Iran's Potential Customers Look Elsewhere
Released from the shackles of some of the sanctions, Iran has been accelerating the negotiations for gas export routes especially to neighbours, but two potential clients, Oman and Pakistan, have already managed to find alternative sources that will go some way to meeting their short-term needs.
BP and Oman Oil have signed a heads of agreement with the government of the Sultanate of Oman to add 1,000 km² to the 2,700 km² license area of the Block 61 exploration and production sharing agreement, the UK major said February 14.
Before, in April 2015, BP announced that it was preparing to start natural gas production from Oman's Khazzan field’s first stage by 2017 at a rate of 28.3mn m³/d.
Now, the deal allows the further development of the major Khazzan tight gas field, at a combined cost of around $16bn. Combined plateau production from the two phases is expected to total some 42mn m³/d, so the second phase will add about 5bn m³/yr.
Iran and Oman had already agreed the terms of a subsea pipeline supply deal that could have provided Oman with 10bn m³/yr of Iranian gas.
Oman is producing about 85mn m3/d and has surplus gas to liquefy for export, although it reinjected 9mn m³/d in 2013 into oilfields, indicating a 4.9% increase compared to the previous year.
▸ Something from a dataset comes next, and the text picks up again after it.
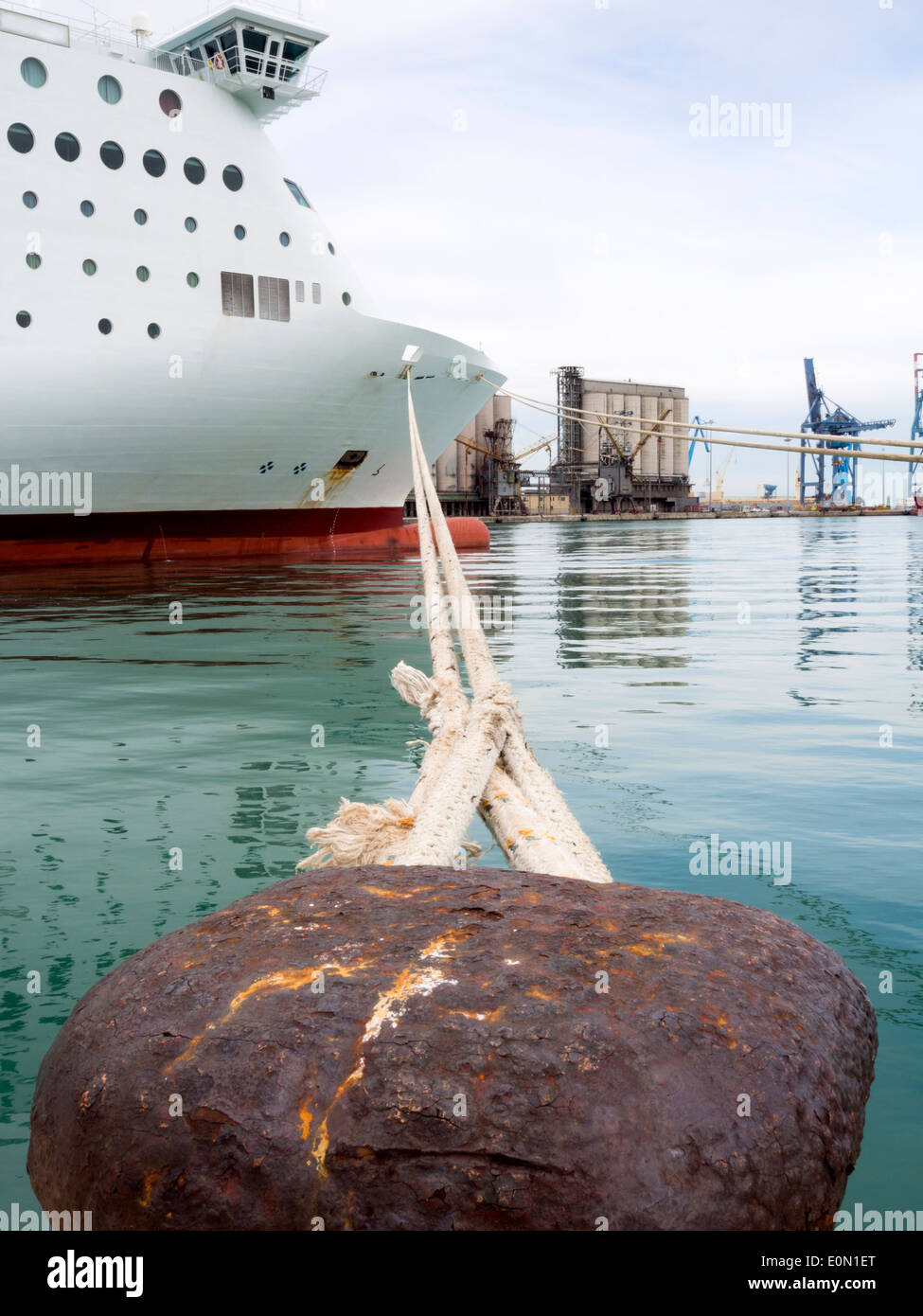 Tourist boat tied pier rope hi-res stock photography and images - Alamy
The country's LNG production capacity is about 10.4mn metric tons/yr but Oman had to decrease it to 7.95mn mt/yr in 2014, according to the latest annual report released by Oman LNG.
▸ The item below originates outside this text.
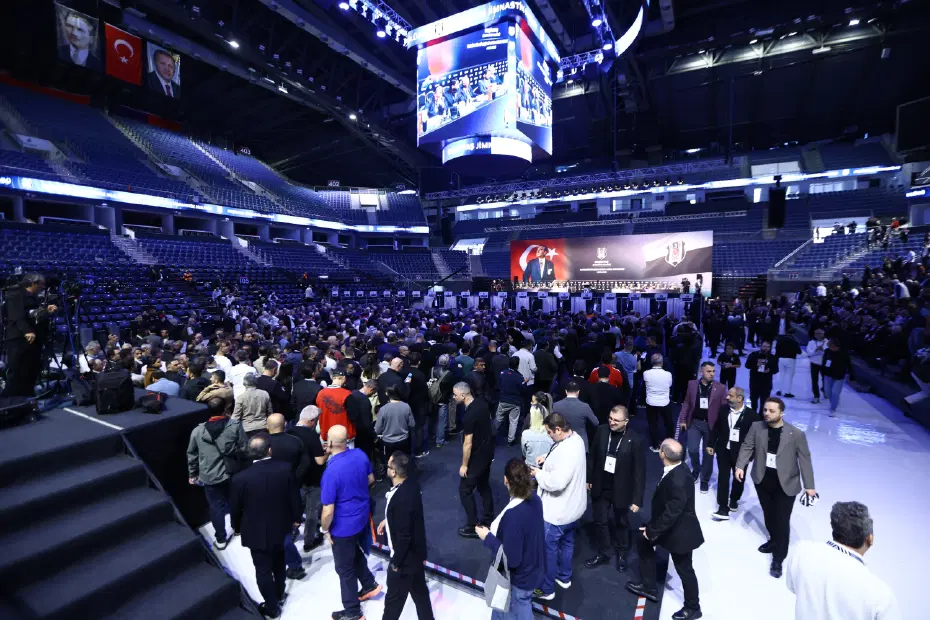 Beşiktaş'ta Serdal Adalı yeniden başkan seçildi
There are no official statistics about the gas balance in 2015, but a senior official at the oil and gas ministry said in early 2014 that with the rapid expansion of power generation capacity, industries and refinery projects in the sultanate, gas demand will go up by over 10%/yr from this year.
Oman imports about 2bn m³/yr of Qatari gas through the Dolphin system.
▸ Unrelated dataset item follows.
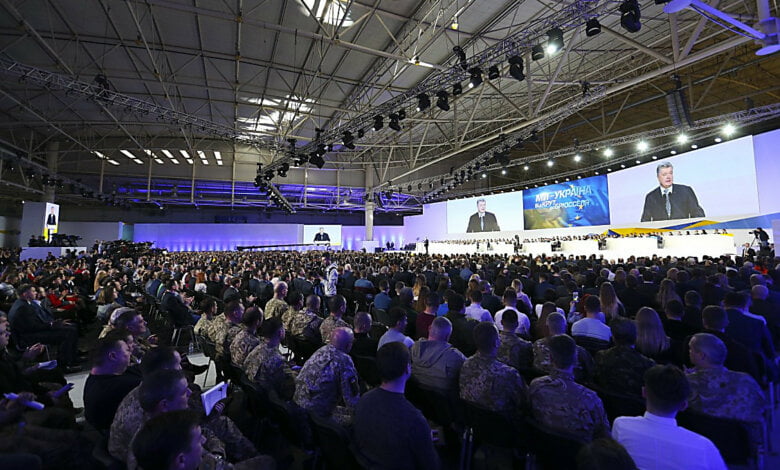 «Конечно, нам нужен мир с Россией. Холодный, но мир», - Президент Украины Петр Порошенко | Корабелов.ИНФО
With regard to Oman's 900bn m³ gas reserves and the rising demand of gas for re-injection, Iranian gas might keep its importance for Muscat in long term.
Another Iranian client who has put off imports is Pakistan. It was due to take 22mn m³/d starting in January 2015, but it has not even started building the pipeline in its territory yet.
On the other hand, Pakistan said on February 10 that it had signed a 15-year agreement to import up to 3.75mn mt/yr of LNG from Qatar, or more than 14mn m³/d of natural gas, at a rock-bottom price thanks to cheap Brent crude. And that discount could become steeper if the global LNG glut continues. Traders say that spot cargoes now go for just 12% of Brent.
According to the deal, LNG arriving in any particular month will fetch 13.37% of the preceding three-month average price of a barrel. Taking the present Brent price as a proxy, that would equate to $166/’000 m³.
But Iran was exporting gas to Turkey for as much as $225/'000 m³ before the arbitration court awarded a 15% or so discount, or $33/'000 m³ at that price level. Iranian officials say the gas price for Iraq would be at the same level with Turkey, indicating it would be at least as expensive for Pakistan.
On the other hand, Turkmenistan started building the Turkmenistan-Afghanistan-Pakistan-India pipeline in its own territory in late 2015, aimed at bringing 33bn m³/yr of gas to Afghanistan, Pakistan and India. Tapi is another rival to the Iran-Pakistan pipeline. Pakistan announced in December that it will hold a $200mn equity share of Tapi.
A 700-km portion of the nearly 1,800-km Tapi pipeline will be built in Afghanistan and, according to officials, is scheduled to be completed by 2019.